THE TASK
Using the data that follows, return exactly the lines from the one that contains "Other - 10650" through the one that contains "Originale SONY PS3", ends included.

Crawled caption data
-*-

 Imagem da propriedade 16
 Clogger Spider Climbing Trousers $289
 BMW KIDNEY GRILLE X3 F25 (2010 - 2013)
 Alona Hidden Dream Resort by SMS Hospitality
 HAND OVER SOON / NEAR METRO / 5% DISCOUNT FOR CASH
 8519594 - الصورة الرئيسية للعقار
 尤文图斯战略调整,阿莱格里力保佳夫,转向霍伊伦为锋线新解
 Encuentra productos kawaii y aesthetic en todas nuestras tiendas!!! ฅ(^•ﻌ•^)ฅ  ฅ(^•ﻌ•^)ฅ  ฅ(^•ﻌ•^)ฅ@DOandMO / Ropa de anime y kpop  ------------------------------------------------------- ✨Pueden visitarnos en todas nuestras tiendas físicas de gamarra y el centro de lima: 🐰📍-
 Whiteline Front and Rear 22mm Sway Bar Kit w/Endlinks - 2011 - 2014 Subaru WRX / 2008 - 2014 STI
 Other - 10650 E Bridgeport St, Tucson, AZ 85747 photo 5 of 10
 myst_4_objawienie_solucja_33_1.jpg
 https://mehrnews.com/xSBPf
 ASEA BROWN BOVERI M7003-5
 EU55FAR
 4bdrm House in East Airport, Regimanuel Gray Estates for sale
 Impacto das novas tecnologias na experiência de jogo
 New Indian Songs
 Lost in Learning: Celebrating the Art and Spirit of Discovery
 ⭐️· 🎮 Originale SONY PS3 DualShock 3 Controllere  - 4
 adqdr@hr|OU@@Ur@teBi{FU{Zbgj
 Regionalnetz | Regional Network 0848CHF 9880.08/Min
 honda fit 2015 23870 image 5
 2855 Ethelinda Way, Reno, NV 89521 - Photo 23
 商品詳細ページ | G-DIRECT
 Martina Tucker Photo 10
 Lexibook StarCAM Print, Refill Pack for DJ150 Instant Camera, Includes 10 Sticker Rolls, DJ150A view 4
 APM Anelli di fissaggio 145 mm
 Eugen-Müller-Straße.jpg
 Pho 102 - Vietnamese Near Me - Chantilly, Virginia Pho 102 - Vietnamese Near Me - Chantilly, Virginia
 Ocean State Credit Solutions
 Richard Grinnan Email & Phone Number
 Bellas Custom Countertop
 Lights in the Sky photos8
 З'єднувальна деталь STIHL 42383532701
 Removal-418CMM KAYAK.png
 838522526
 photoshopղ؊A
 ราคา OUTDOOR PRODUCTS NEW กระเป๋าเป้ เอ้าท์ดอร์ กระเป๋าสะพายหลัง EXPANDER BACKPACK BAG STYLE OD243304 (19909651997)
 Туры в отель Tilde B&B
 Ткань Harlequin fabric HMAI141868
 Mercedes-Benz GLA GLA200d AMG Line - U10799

-*-

REPLY TO THE TASK
 Other - 10650 E Bridgeport St, Tucson, AZ 85747 photo 5 of 10
 myst_4_objawienie_solucja_33_1.jpg
 https://mehrnews.com/xSBPf
 ASEA BROWN BOVERI M7003-5
 EU55FAR
 4bdrm House in East Airport, Regimanuel Gray Estates for sale
 Impacto das novas tecnologias na experiência de jogo
 New Indian Songs
 Lost in Learning: Celebrating the Art and Spirit of Discovery
 ⭐️· 🎮 Originale SONY PS3 DualShock 3 Controllere  - 4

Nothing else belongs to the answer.